▸ Data for the task:
--------------------

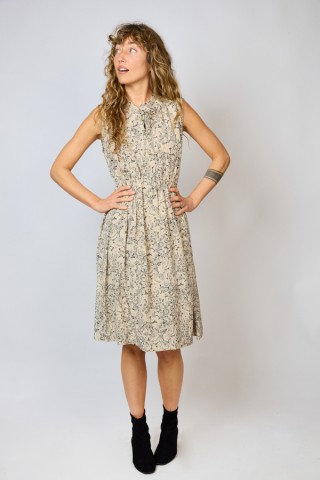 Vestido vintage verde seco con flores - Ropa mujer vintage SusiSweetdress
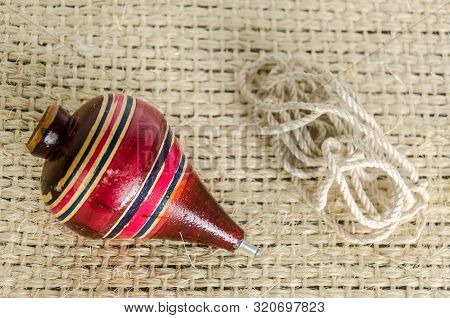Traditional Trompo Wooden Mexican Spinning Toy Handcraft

--------------------

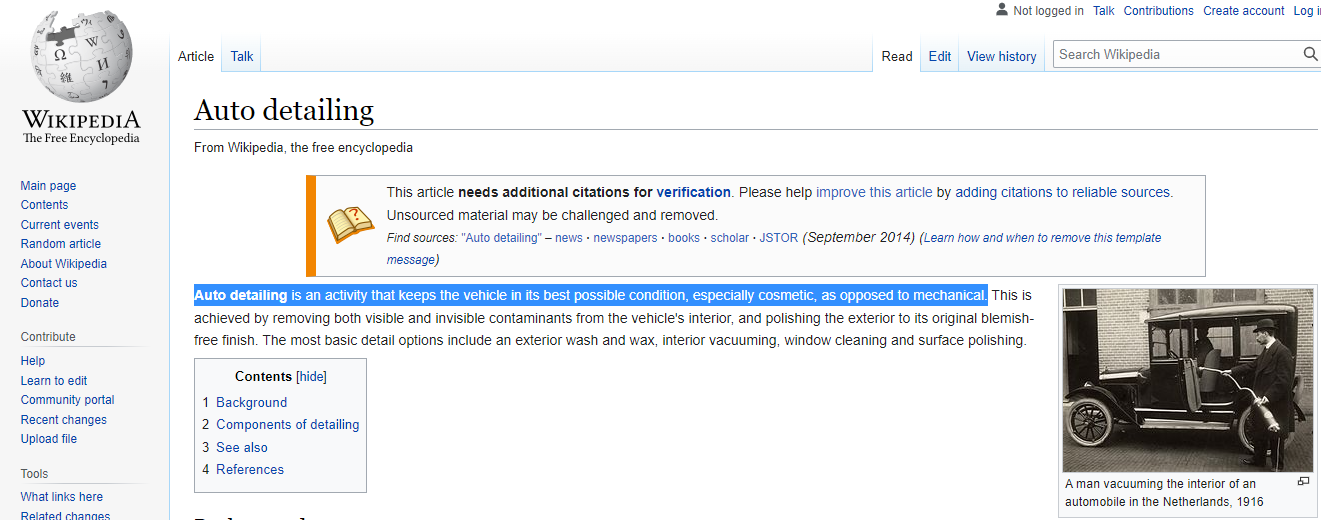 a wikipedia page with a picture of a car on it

--------------------

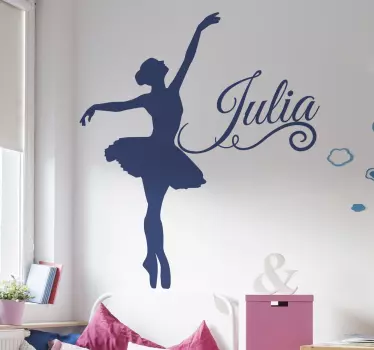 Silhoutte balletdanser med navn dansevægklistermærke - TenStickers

--------------------

▸ What is needed: Take the material above and output only the lines from the one that contains "Vestido vintage verde" through the one that contains "Traditional Trompo Wooden", ends included and images left out.

▸ Answer to the problem:
 Vestido vintage verde seco con flores - Ropa mujer vintage SusiSweetdress
Traditional Trompo Wooden Mexican Spinning Toy Handcraft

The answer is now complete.